For reproducing the experiments on audio data, the reader is invited to check the audio
folder, where the following scripts can be executed. The evaluation was performed on the ANSYN dataset as proposed by [A].
For reproducing the results, first define the environment variable with:
export MY_HOME=<YOUR_PATH>/VoronoiWTA/audio
The following shell scripts can be executed for downloading, pre-processing the data:
cd audio/scripts/official_pipeline ;
./1download_data.sh ; # script to download the dataset
./2preprocessing.sh ; # preprocess the raw audio data by computing spectrograms.

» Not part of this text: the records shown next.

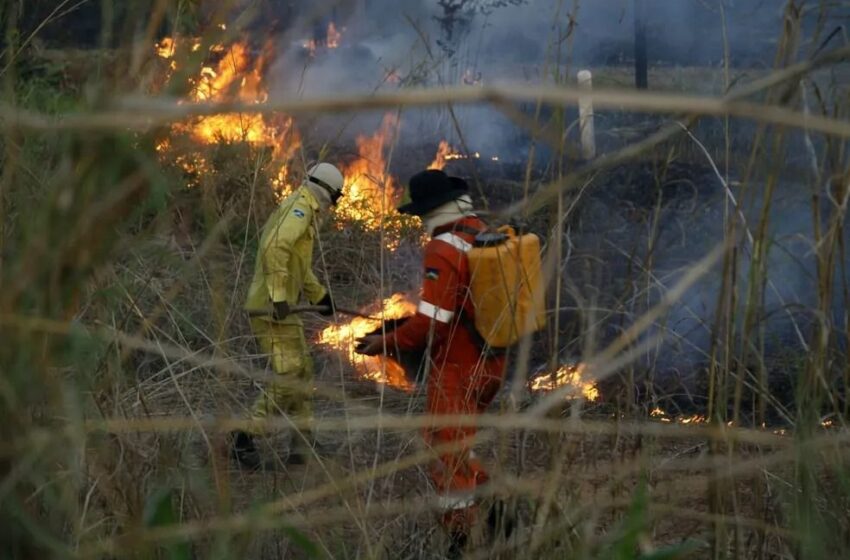  Justiça Federal dá prazo de 72 horas para União se manifestar sobre combate a incêndios florestais em Rondônia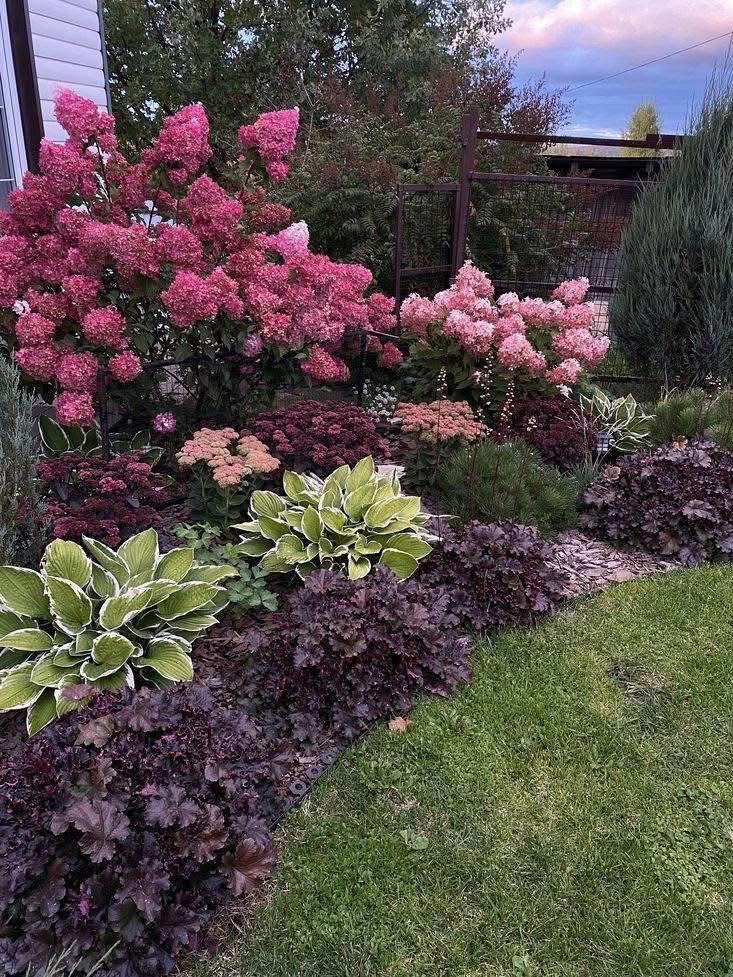 Kwitnący ogród z hortensjami w odcieniach różu, funkiami i żurawkami. Rabaty obsypane korą, trawnik przycięty. Kompozycja roślin w przydomowym ogrodzie.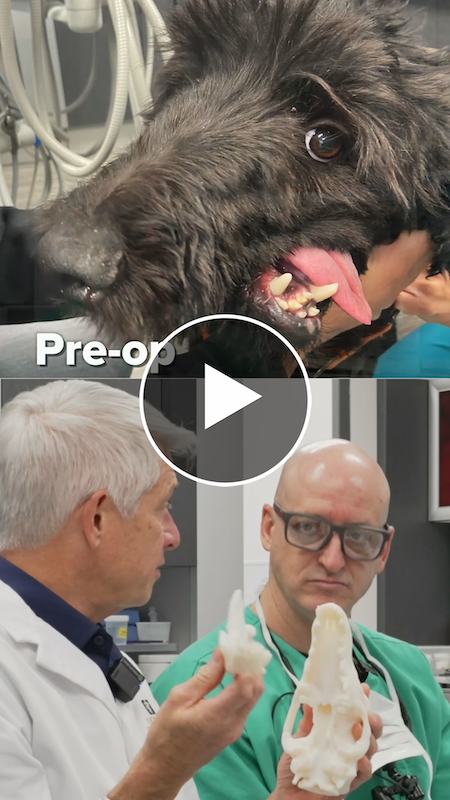 Cover of a Minute with Mark video short showing Dean Stetter with Dr. Boaz Arzi and Toby the dog.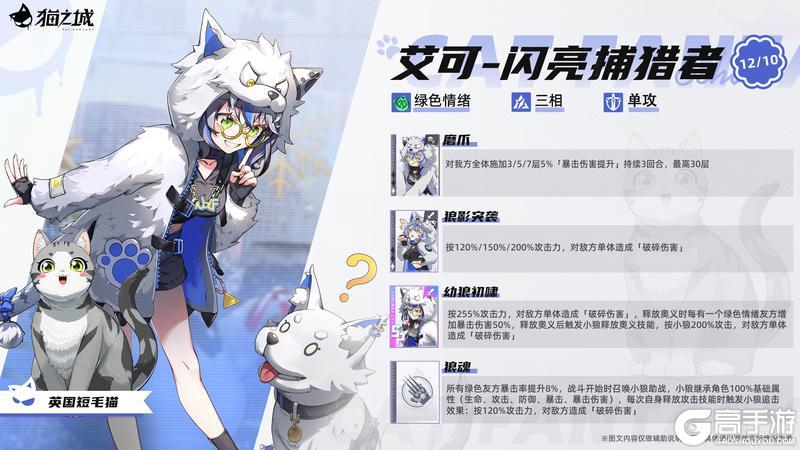 《猫之城》美国短毛猫：艾可-闪亮捕猎者即将登场！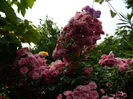 DSCN0546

The checkpoints of the pre-trained models are available at this link.
Once downloaded, place the the content of the checkpoints
folder in the root of the repo and run the following command:
mkdir -p audio/log/train/ansim
mv checkpoints/* audio/log/train/ansim/
For re-training the models, please launch the following script:
./3train.sh ; # script to launch the trainings of the different baselines
When lauching the trainings, the logs will be written in the directory audio/logs/train/ansim
.
For extracting the checkpoint paths in a JSON file:
PATH_HISTOGRAM=${MY_HOME}/logs/train/ansim/Histogram # PATH to Histogram results folders.
PATH_WTA=${MY_HOME}/logs/train/ansim/Score_based_WTA # PATH to Score-based WTA results folders.
PATH_MDN=${MY_HOME}/logs/train/ansim/Von_Mises_Fisher # PATH to MDN results folder.
./4extract_ckpt.sh histogram $PATH_HISTOGRAM score_based_wta $PATH_WTA mdn $PATH_MDN
The JSON file will be saved it $PATH_HISTOGRAM/../checkpoints.json
.
For the next, make sure jq
is installed or install it with sudo apt-get install jq
.
Perform the evaluation
./5eval.sh ; # script to launch the evaluation of the different baselines.
Then, the results can be extracted with the following commands.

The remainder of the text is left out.